Leading into the National Day for Truth and Reconciliation on Sept. 30, President David Farrar encourages all students, faculty and staff to reflect on the impact of residential schools and to honour the survivors.

The National Day for Truth and Reconciliation, also known as Orange Shirt Day, is a time for Canadians to recognize and commemorate the ongoing and tragic legacy of residential schools.

The devastating recoveries at residential schools over the past year are sorrowful and stark reminders that we must all do more and continue to learn more.

On this important day of recognition, I encourage all McMaster students, faculty, and staff to reflect and have meaningful conversations about the impact of residential schools and to honour the survivors.

We all have a responsibility to listen and to learn more about the voices, experiences, and wisdom of Indigenous Peoples.

To mark the day on September 30th, there will be commemoration events hosted by McMaster’s Indigenous Studies Program, Indigenous Education Council, Indigenous Research Institute, Indigenous Student Services, and Indigenous Health Learning Lodge.
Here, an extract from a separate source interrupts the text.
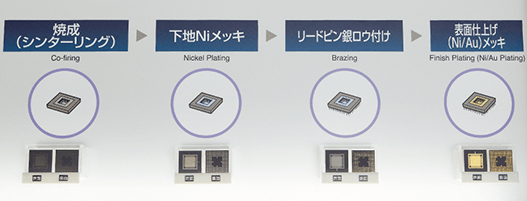 半導体産業とセラミックパッケージの歴史1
For those who are walking across main campus the evening of September 30, you’ll also notice many of the buildings will light up orange as part of a National Centre for Truth and Reconciliation (NCTR) initiative to honour the children who did not come home from residential schools, survivors and their families.

At McMaster, we aspire to embed an approach that engages and respects a diversity of peoples, perspectives, and ways of knowing, in everything we do. We also know there is much work to be done to achieve true systemic change.

I hope you will join me as we work together in the spirit of reconciliation to continuously learn and work toward a better future.